Defects in semiconductors can act as a knob for tuning properties or as an undesirable feature affecting semiconductor performance. The understanding of defects often requires combinatorial studies of experiments and theory. In this talk, I will discuss two computational studies of defects, the role of cation disorder in noval photoactive ZnTiN2, and the accurate point defect level prediction using non-empirical hybrid functional.

Cation disorder is often found in divalent ternary nitride semiconductors, with significant consequences for optoelectronic properties. For example, recently synthesized wurtzite-derived ZnTiN2 exhibits cation disorder and has a measured band gap of about 2 eV, 1.5 eV smaller than that predicted for its cation-ordered structure by density functional theory (DFT) calculations with hybrid functionals. Using state-of-the-art first principles DFT calculations, we demonstrate that cation disorder in ZnTiN2 creates locally charge-unbalanced chemical environments that further introduce states near band edges, leading to band gap reduction. We study how the cation disorder affects the local chemical environment, energetics, electronic structure, and optoelectronic properties in ZnTiN2.

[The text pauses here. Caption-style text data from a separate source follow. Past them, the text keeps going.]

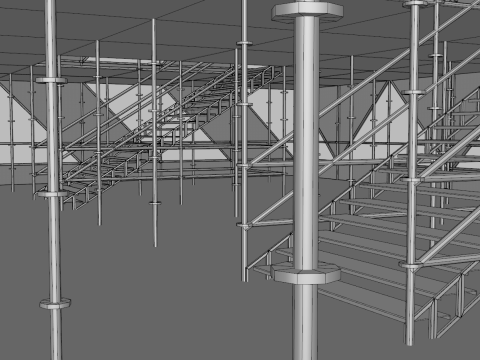 Layher Structure Pavilion 2 3D Model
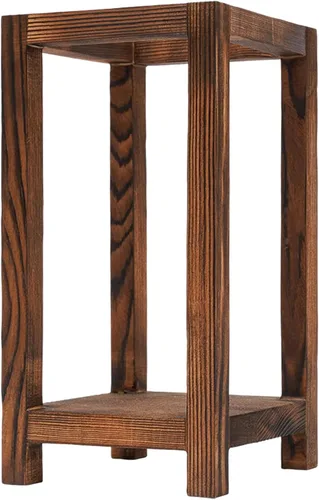 Vista 5 de YIYIBYUS 12 candelabros de madera, centro de mesa de madera para boda, decoración rústica de mesa de boda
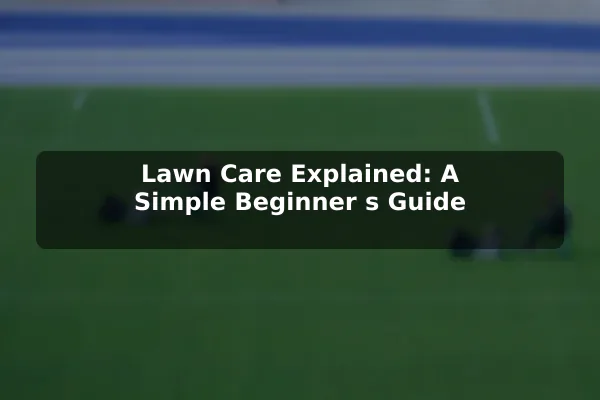 Lawn Care Explained: A Simple Beginner's Guide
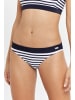Venice Beach Bikini-Hose in weiß-marine gestreift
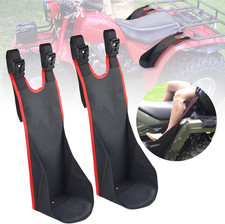 Reposapiés trasero pasajero ATV, universal ajustable plegable resistente al desgaste trasero F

Despite Kohn-Sham DFT is widely used to study defects, semilocal functionals usually fail to predict deep mid-gap defects due to its tendency of delocalization. Here, we apply a recently developed nonempirical Wannier-localized optimally-tuned screened range-separated hybrid (WOT-SRSH) functional to properties of the oxygen vacancy in ZnO. We show that in addition to quantitatively capturing the wurtzite ZnO band gap, our WOT-SRSH calculations predict an accurate defect level for oxygen vacancy. Moreover, we show the bulk WOT-SRSH

Sijia Ke is a 4th year Materials Science and Engineering PhD student in Jeffrey Neaton’s group in Physics department. Her research focus is to use ab-initio calculations to study electronic structure and optical properties of complex solid materials. She obtained her bachelor’s degree in Physics at the University of Science and Technology of China.